The development of artificial intelligence (AI) has considerably broadened the applications of automatic methods to a wide range of natural language processing tasks. The SDG Prospector demonstrates that when used efficiently, AI can be a great ally to achieve the 2030 Agenda.
The SDG Prospector relies on a new generation of artificial intelligence models. In contrast with approaches using keyword counting, language models interpret words depending on the context from which they originate, and this allow to better understand the complexity of a text.

How does it work?

The SDG Prospector builds upon DistilRoBERTa, a light version of a model first developed by Meta.
  • Step 1

    DistilRoBERTa was pre-trained on millions of texts: it integrates a very diverse vocabulary, and understands the peculiarities of the English language, its conjugation and grammar rules. At this stage, the model was not yet specialized in the recognition of the SDGs.

  • Step 2

    To be able to detect the SDGs in a text, the SDG Prospector needed further training.
    We constructed an expert learning base composed of 9000+ paragraphs related
    to the SDGs.

  • Step 3

    Thanks to its deep neural network, its excellent command of English and the expert learning base, the SDG Prospector automatically learnt to detect whenever a text refers to the 2030 Agenda, and to distinguish the SDGs from one another.

  • Step 4

    After a series of robustness tests and fine-tuning, the SDG Prospector was born.

Importance of the learning base

The accuracy of the SDG Prospector derives directly from the quality of the learning base. Exclusively built by selecting relevant texts manually, our learning base consists of over 9,000 paragraphs related to the SDGs. For each SDG, we collected more
than 500 paragraphs, of maximum 200 words. These were mostly extracted
from specialized UN official documents and completed with texts from other sources.

Besides an exclusion universe teaches the algorithm not to confuse concepts that use the same vocabulary as the SDGs but do not refer to the 2030 Agenda. To illustrate, supporting the business climate has nothing to do with the fight against climate change and its impacts.

How does the SDG Prospector analyse documents?
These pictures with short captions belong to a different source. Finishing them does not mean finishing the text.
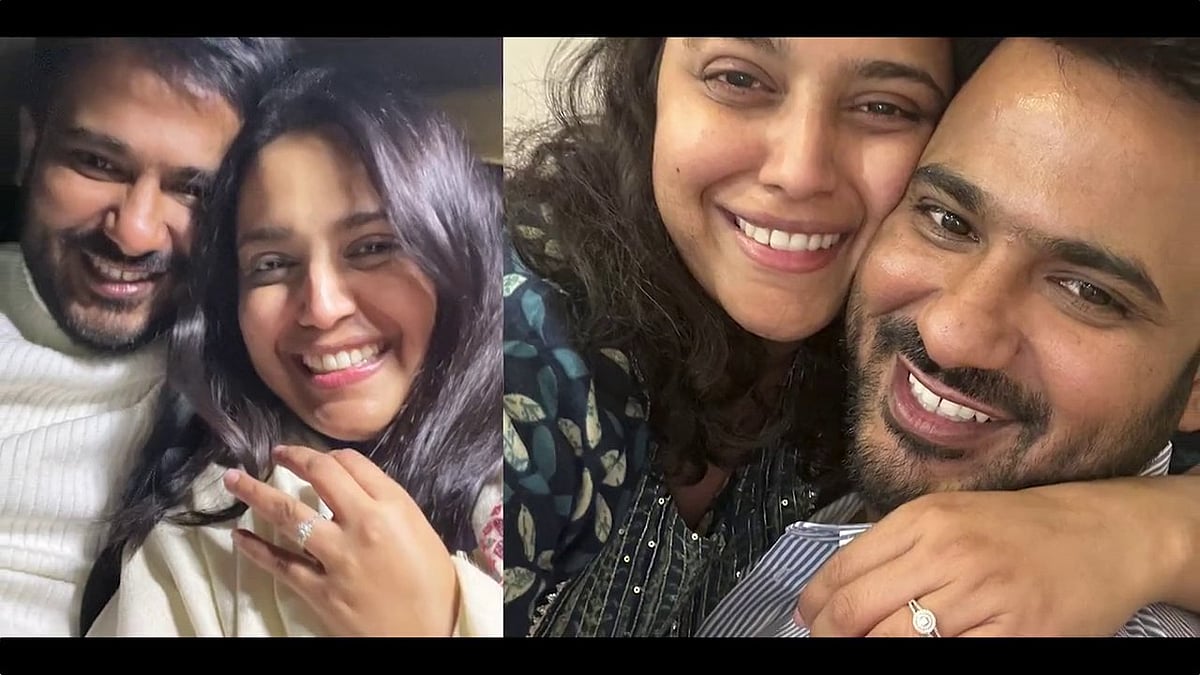 "We found friendship first. And then we found each other!" Actor Swara Bhasker on activist Fahad Zirar Ahmad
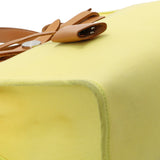 Hermes Vache Hunter Yellow Toile Herbag Zip 31 PM Handbags Hermes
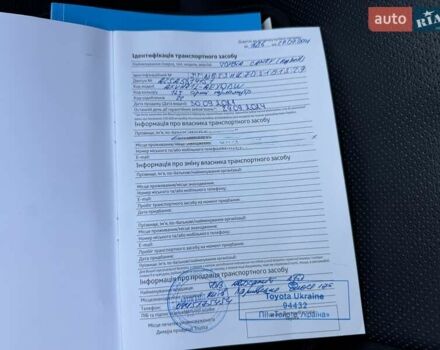 Серый Тойота Камри, объемом двигателя 2.49 л и пробегом 13 тыс. км за 32900 $, фото 63 на Automoto.ua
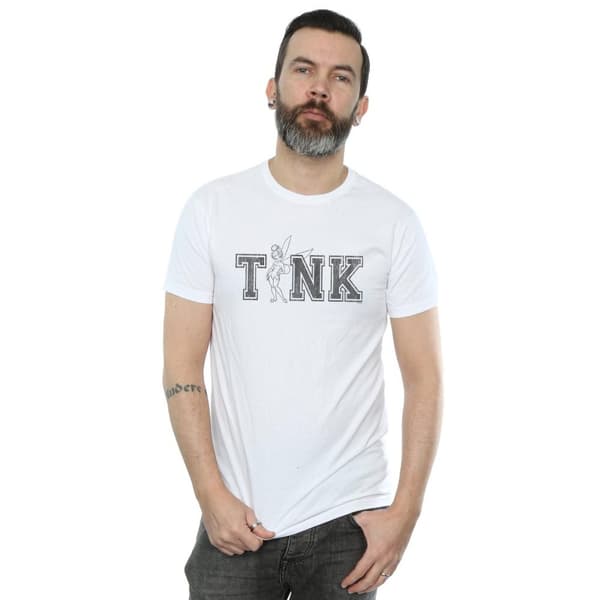 Disney Tinker Bell Collegiate Tink T-shirt för herrar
The SDG Prospector builds upon DistilRoBERTa, a light version ofa model first developed by Meta.
  1. The SDG Prospector parses the text in 100-word paragraphs.
  2. It assesses whether each paragraph is related to one, several or no SDG.
  3. It automatically sums up SDG references.
  4. You can view your results in absolute or in relative values, to take into account the length of your document.